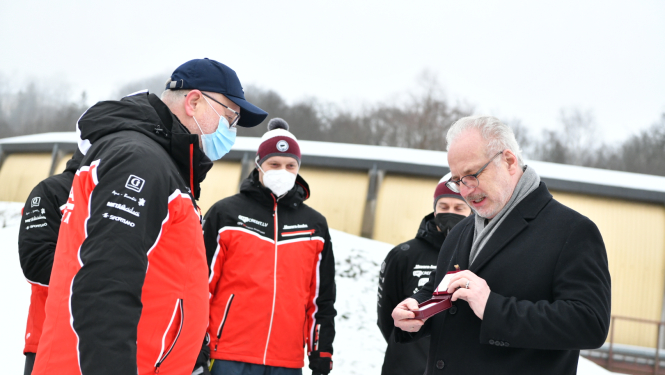 Egils Levits pasniedz Dainim Dukuram Valsts prezidenta medaļu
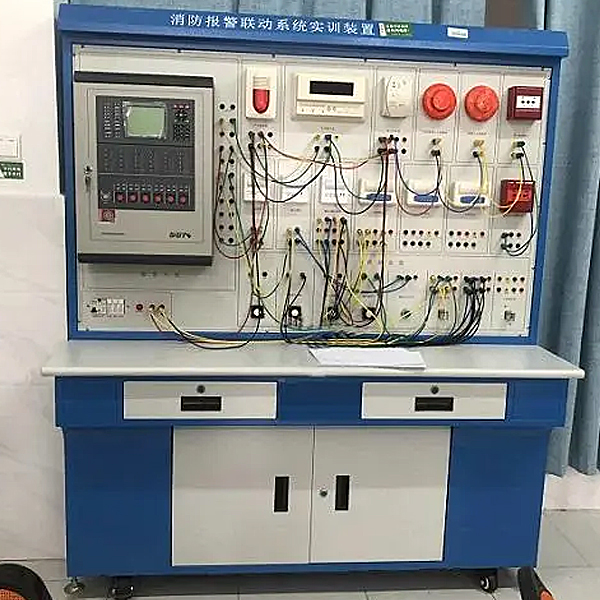 通過PLC實驗臺學習物流自動化技術，提高效率降低成本。(圖2)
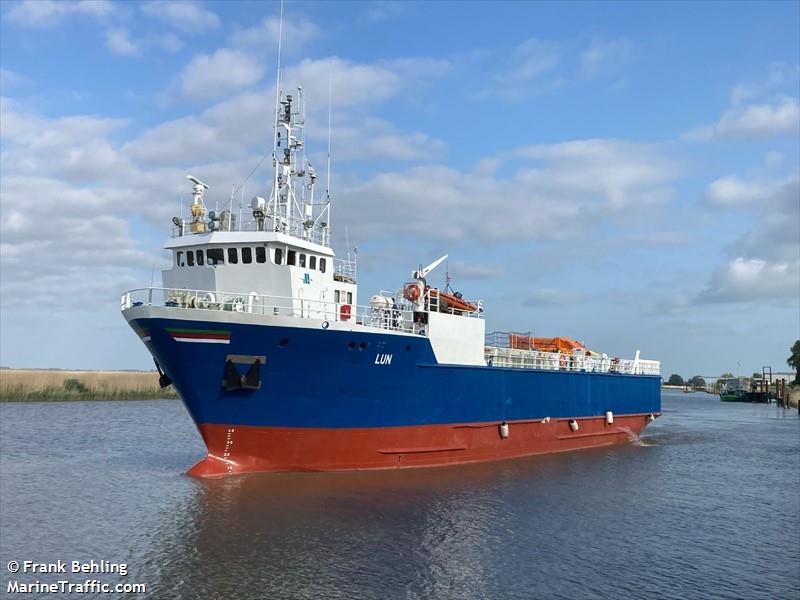 lun (General Cargo Ship) - IMO 8112512, MMSI 218004880, Call Sign DFTT under the flag of Germany
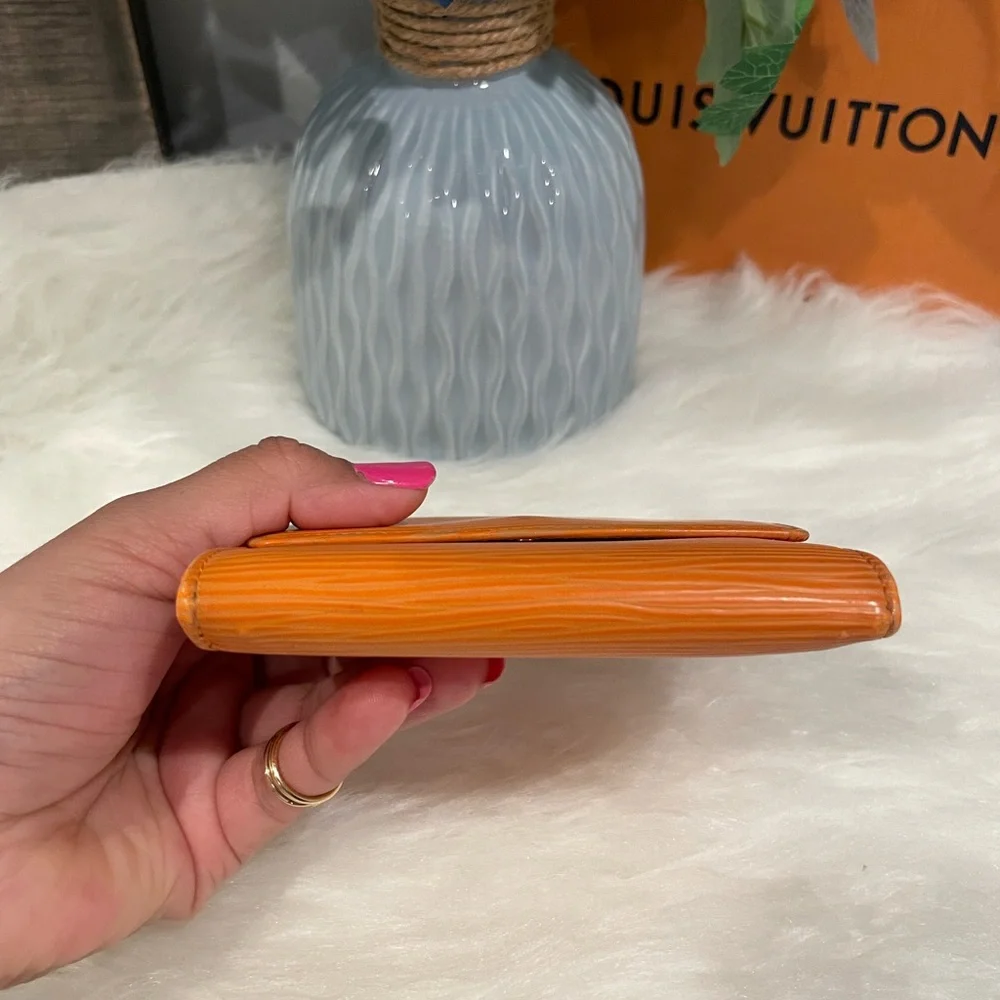 Authentic Louis Vuitton Epi Porte Feiulle Elise Wallet On A Chain | SP00… - Picture 12 of 16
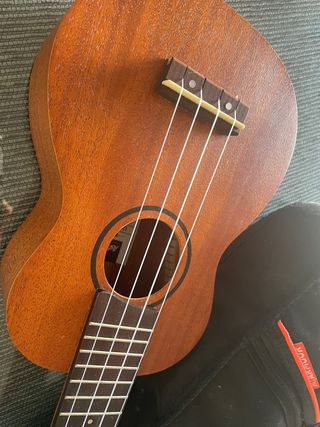 Ukelele soprano nuevo con funda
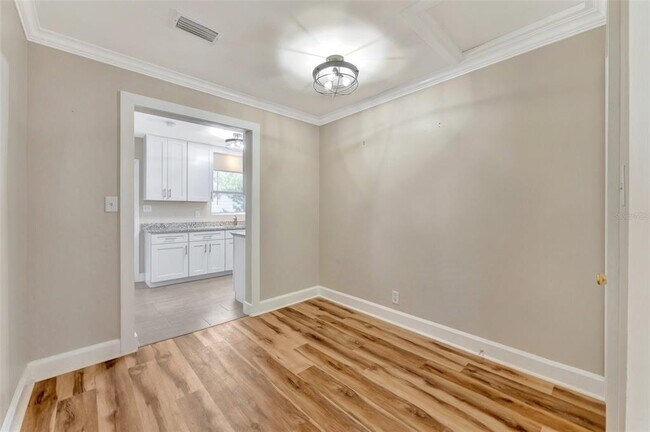Foto del edificio - 828 22nd Ave N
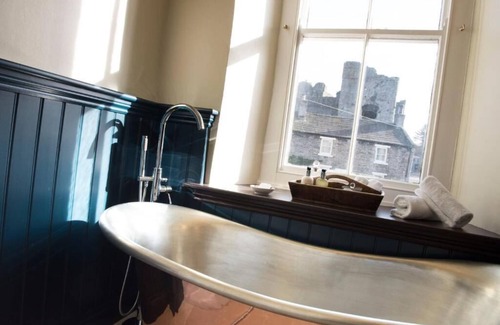 Middleham Bed & Breakfast | The Priory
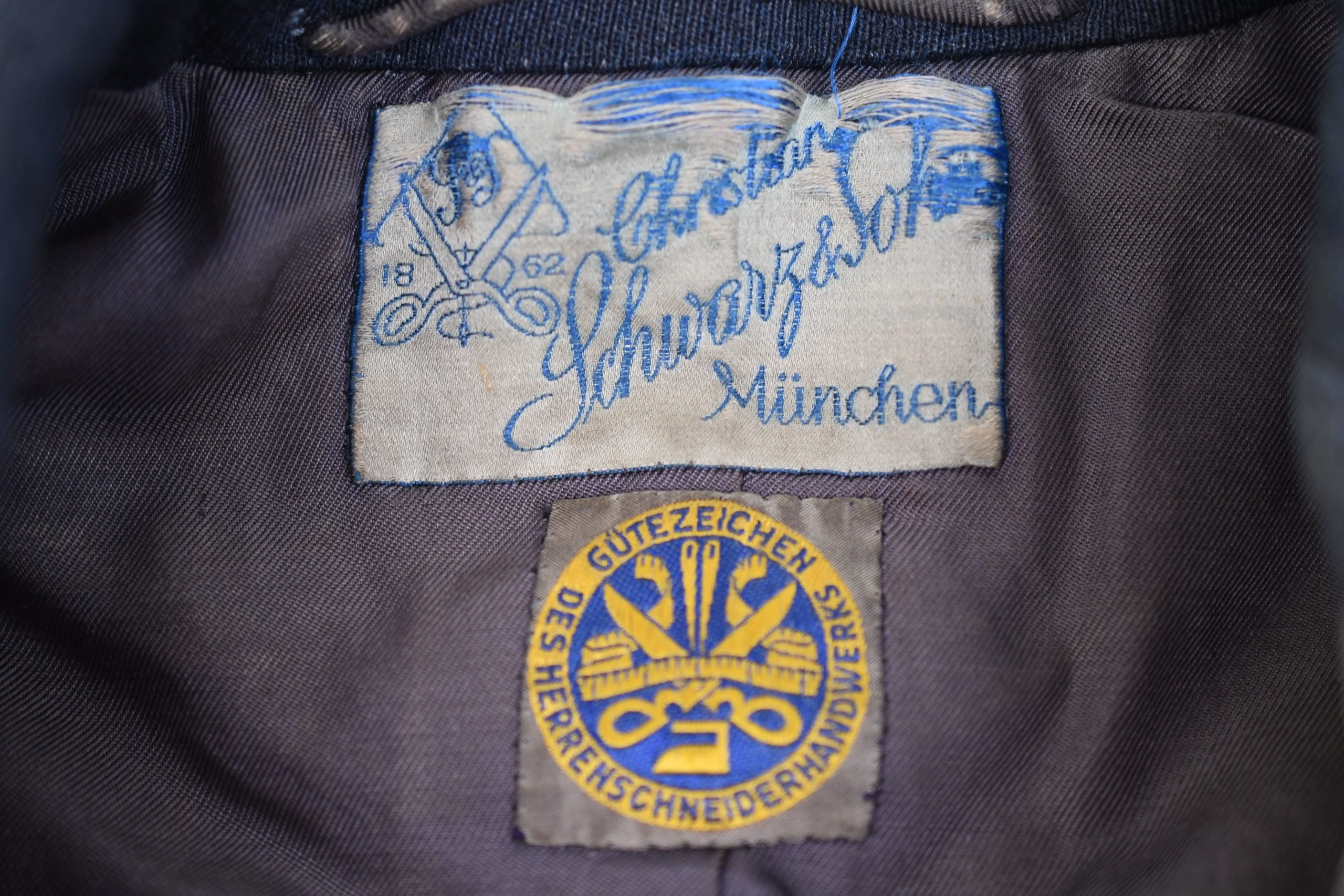 Luftwaffe officer four pocket tunic for Pilot or Fallschirmjäger Leutnant by Schwarz & Sohn — image 8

ABOUT THIS EXERCISE:
Leaving the pictures out, give back each line above exactly.

EXERCISE OUTPUT:
 Egils Levits pasniedz Dainim Dukuram Valsts prezidenta medaļu
 通過PLC實驗臺學習物流自動化技術，提高效率降低成本。(圖2)
 lun (General Cargo Ship) - IMO 8112512, MMSI 218004880, Call Sign DFTT under the flag of Germany
 Authentic Louis Vuitton Epi Porte Feiulle Elise Wallet On A Chain | SP00… - Picture 12 of 16
 Ukelele soprano nuevo con funda
Foto del edificio - 828 22nd Ave N
 Middleham Bed & Breakfast | The Priory
 Luftwaffe officer four pocket tunic for Pilot or Fallschirmjäger Leutnant by Schwarz & Sohn — image 8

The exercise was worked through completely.